Contact Data Deletion for Mobile Engage is configured in the contact-data-deletion-me repo. It also holds the configurations for account deletion cleanups. The repo is private and can be accessed by the Mobile Engage team. It utilises the contact-data-deletion service (aka CDDS), which is a shared service for all Emarsys products, developed by the former Data Platform team. It runs the given cleanup configurations using cronjobs, and deletes data from the Mobile Engage BigQuery (BQ) tables.

Configurations

The configurations for the deletion jobs are held in the gap_patch_cron_job.yaml file where tables and deletion parameters are set for each job. These jobs are then executed using cronjobs configured in the gap.yaml of the service.

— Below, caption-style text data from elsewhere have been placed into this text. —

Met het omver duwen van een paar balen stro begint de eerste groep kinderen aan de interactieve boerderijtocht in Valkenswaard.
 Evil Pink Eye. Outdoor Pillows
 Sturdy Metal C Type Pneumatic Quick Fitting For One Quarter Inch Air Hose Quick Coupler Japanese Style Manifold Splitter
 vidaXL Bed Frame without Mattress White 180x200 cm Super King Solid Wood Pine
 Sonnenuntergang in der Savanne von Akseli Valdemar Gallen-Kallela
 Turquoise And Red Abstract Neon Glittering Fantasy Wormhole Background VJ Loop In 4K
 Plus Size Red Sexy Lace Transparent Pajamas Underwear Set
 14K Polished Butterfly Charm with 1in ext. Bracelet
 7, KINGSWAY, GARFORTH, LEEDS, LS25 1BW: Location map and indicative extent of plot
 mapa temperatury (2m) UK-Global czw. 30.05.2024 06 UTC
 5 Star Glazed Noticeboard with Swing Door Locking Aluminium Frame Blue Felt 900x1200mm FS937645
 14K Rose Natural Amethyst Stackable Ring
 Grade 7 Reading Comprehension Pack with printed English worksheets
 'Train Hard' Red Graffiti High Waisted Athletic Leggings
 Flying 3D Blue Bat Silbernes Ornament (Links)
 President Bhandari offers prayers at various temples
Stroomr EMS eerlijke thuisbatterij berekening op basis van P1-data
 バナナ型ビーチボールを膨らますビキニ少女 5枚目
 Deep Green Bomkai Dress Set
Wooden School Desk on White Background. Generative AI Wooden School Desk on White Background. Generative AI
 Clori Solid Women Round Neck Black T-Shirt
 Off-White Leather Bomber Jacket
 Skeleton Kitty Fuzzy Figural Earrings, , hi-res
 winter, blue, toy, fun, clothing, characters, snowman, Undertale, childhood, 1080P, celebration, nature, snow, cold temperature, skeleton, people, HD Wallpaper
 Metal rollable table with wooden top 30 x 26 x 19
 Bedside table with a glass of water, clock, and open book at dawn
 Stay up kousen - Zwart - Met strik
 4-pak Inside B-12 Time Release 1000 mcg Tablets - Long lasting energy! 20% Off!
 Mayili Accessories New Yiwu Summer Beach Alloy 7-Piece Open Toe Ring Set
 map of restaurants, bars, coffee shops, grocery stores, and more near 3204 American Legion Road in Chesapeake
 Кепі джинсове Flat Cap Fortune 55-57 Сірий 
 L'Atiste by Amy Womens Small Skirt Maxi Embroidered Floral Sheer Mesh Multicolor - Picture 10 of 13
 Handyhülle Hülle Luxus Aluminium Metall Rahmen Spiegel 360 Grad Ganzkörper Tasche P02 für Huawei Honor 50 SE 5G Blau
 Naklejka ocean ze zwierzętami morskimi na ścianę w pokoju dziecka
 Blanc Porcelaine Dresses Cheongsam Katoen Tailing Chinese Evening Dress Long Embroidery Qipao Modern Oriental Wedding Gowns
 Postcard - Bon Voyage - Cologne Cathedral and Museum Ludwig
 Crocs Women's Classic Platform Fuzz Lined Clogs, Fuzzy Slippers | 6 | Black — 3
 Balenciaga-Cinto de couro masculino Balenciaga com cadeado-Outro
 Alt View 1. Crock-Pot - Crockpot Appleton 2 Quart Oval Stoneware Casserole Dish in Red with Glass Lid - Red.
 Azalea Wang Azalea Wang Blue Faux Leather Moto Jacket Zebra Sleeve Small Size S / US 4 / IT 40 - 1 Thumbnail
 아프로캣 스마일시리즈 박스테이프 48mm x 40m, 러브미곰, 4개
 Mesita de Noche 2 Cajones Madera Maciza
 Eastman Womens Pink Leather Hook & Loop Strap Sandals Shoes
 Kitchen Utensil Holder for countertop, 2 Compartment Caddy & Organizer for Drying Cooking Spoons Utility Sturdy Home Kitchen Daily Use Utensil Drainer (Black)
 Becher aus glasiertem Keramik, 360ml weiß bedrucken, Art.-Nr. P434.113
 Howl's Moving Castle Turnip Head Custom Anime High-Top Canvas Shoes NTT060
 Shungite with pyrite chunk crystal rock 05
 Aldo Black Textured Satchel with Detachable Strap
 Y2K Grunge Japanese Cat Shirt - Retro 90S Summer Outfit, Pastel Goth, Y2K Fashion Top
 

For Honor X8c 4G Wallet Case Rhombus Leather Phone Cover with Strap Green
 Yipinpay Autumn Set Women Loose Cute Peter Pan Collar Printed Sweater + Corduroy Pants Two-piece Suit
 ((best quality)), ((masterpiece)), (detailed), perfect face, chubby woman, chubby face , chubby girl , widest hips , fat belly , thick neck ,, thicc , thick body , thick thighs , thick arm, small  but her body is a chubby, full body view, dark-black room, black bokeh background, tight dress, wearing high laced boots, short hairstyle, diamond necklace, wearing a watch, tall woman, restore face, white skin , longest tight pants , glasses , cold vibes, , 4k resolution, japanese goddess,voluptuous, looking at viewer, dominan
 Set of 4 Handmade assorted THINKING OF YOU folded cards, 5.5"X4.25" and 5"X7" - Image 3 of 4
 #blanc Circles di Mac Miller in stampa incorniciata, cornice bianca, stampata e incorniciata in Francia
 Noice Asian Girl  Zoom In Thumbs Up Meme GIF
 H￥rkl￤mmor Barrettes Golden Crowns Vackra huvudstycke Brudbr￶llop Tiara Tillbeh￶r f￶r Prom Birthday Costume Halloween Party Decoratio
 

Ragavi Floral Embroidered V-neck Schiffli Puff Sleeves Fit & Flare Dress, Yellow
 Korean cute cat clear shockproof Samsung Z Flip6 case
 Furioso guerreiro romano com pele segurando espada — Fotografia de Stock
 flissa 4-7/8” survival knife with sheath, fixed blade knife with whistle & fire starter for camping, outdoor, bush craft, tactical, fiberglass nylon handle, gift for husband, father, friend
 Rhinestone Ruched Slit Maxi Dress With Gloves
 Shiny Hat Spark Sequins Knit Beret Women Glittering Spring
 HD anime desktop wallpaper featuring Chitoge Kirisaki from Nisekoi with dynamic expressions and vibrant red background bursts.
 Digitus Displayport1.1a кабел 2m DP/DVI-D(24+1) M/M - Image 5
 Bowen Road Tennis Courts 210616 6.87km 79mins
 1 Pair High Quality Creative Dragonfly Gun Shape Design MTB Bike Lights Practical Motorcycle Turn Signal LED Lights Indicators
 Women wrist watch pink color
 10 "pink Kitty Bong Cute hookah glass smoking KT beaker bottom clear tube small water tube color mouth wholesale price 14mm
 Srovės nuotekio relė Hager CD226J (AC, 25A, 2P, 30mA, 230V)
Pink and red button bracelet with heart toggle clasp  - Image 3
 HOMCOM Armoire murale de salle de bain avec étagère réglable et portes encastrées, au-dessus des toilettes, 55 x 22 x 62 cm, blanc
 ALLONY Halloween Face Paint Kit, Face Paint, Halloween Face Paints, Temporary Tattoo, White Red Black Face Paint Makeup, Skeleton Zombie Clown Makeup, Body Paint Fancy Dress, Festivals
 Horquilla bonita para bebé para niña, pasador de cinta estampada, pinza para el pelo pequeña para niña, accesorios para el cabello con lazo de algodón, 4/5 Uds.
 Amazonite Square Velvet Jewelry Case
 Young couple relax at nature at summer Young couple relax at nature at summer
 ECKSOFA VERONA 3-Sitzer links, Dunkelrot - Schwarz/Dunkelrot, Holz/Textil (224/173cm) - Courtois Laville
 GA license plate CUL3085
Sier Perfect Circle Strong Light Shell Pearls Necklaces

Product specific deletions

push
inapp
inbox
embedded-messaging
web-push

These are run on the 5th and the 20th of each month, with the exception of push which runs on the 6th and 21st. The jobs are staggered throughout the day to avoid running out of BQ slots: push at 10:00 UTC (on 6th & 21st), inapp at 12:00 UTC, inbox at 14:00 UTC, web-push at 16:00 UTC, and embedded-messaging at 18:00 UTC.

Push is offset by one day because it uses the bq_delete_template_ranged_with_offset.sql template, which includes an interval_days_upper_bound parameter to handle late-arriving session events. The offset on the client_changes table of 24 hours further ensures that the session_events streaming buffer has cleared before attempting to delete from it, which previously caused partial job failures due to entries in the streaming buffer being affected.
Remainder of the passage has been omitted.